I tried updating from the "stable" x11-drivers/nvidia-drivers-460.91.03 to nvidia-drivers-470.57.02.  This did not help.

I see that there are other (non-Gentoo) linux users with a similar issues.

https://forum.manjaro.org/t/nvidia-460-73-01-doesnt-allow-changing-fan-speeds/64961  and

https://forums.developer.nvidia.com/t/465-24-02-no-longer-able-to-set-graphics-clock-offset-and-memory-transfer-rate-offset/175640

Any suggestions on regaining control of my Nvidia GPU fan would be greatly appreciated.Last edited by jagdpanther on Thu Aug 05, 2021 2:25 am; edited 1 time in total

----------

## Ionen

They introduced this as part of a security fix for bug #784596 and then backported the issue to every branch (i.e. even 390.xx is affected). I held back stabilizing despite that for a while because of this but after 3 months and several new versions (and also a new security bug) they still haven't done a thing about it so had to move on (that was sometime around 2 weeks ago), unsure how long we'll be stuck with this.

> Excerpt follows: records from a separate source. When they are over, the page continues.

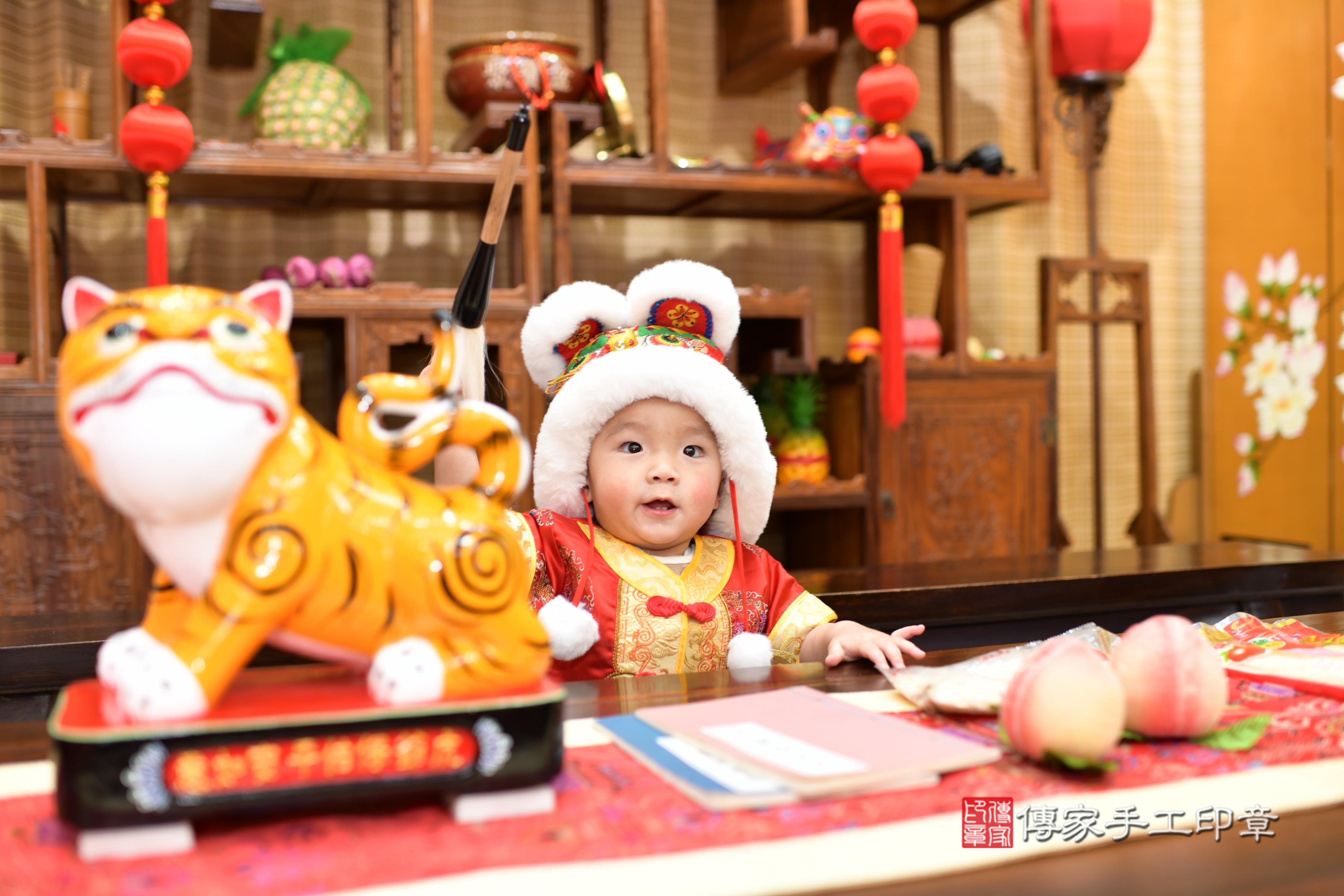 傳家手工印章台南店、抓周、度脺、中國風會場、傳家嬰兒古禮、吉祥話、抓周道具物品24種、拍照。抓周證書。寶寶抓周、滿周歲、生日快樂、祝福 傳家手工印章台南店、抓周、度脺、中國風會場、傳家嬰兒古禮、吉祥話、抓周道具物品24種、拍照。抓周證書。寶寶抓周、滿周歲、生日快樂、祝福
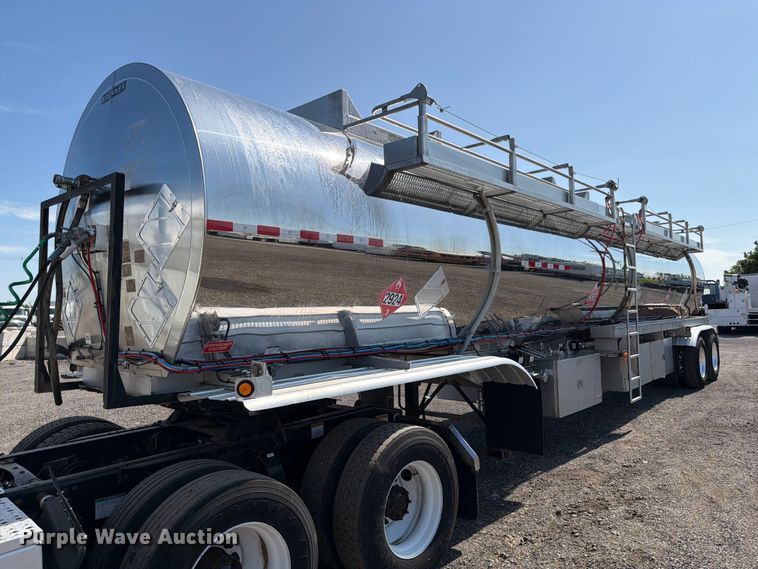 2014 Brenner vacuum trailer - EG9315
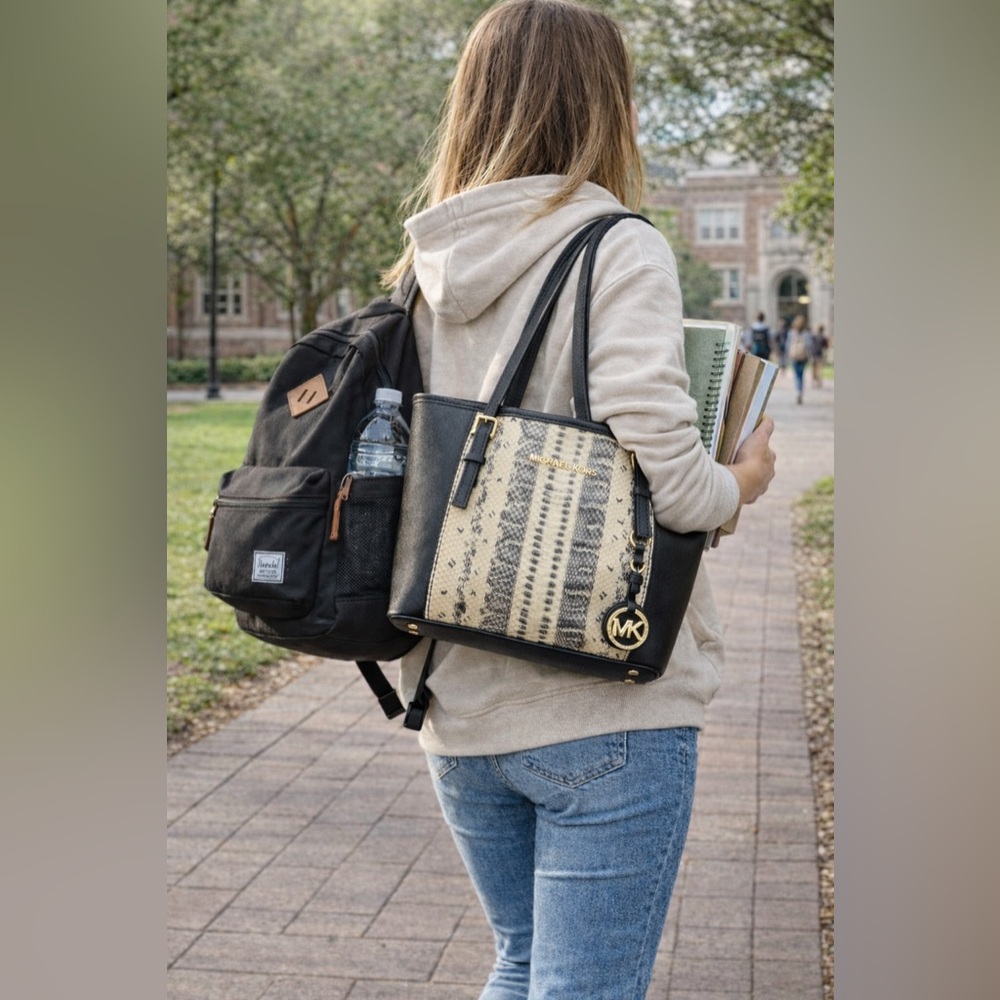 Michael Kors Snakeskin Panel Jet Set Tote Black & Cream MK Charm 🖤 EUC - Picture 3 of 8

If you want this to work anyway, it's not great but the workaround is to emerge xorg-server with USE="suid -elogind -systemd"

Or alternatively, use a display manager that still starts Xorg as root, like sddm.

For Gentoo, this is tracked in bug #784248 (not that there's much to see there).

Edit: the ebuild also somewhat warn about it, but the message is very selective, aka only if it detects Coolbits usage and only once not to spread suid use too much (possibly to users that don't even use Coolbits, most don't). So possibly it was never displayed for you, assuming didn't just miss it alongside a large world upgrade (felt it wasn't worth a news item).

----------

## jagdpanther

Ionen:   Thank you for the informative reply.

I have used Coolbits for years (and still have it set).  I have been using a small, slightly  modified python  script that someone at Google wrote years ago to control the fan speed of  my EVGA gtx 1070.   I don't need the fan control for most things, but do like graphic intensive (steam) games on occasion and want that GPU fan control.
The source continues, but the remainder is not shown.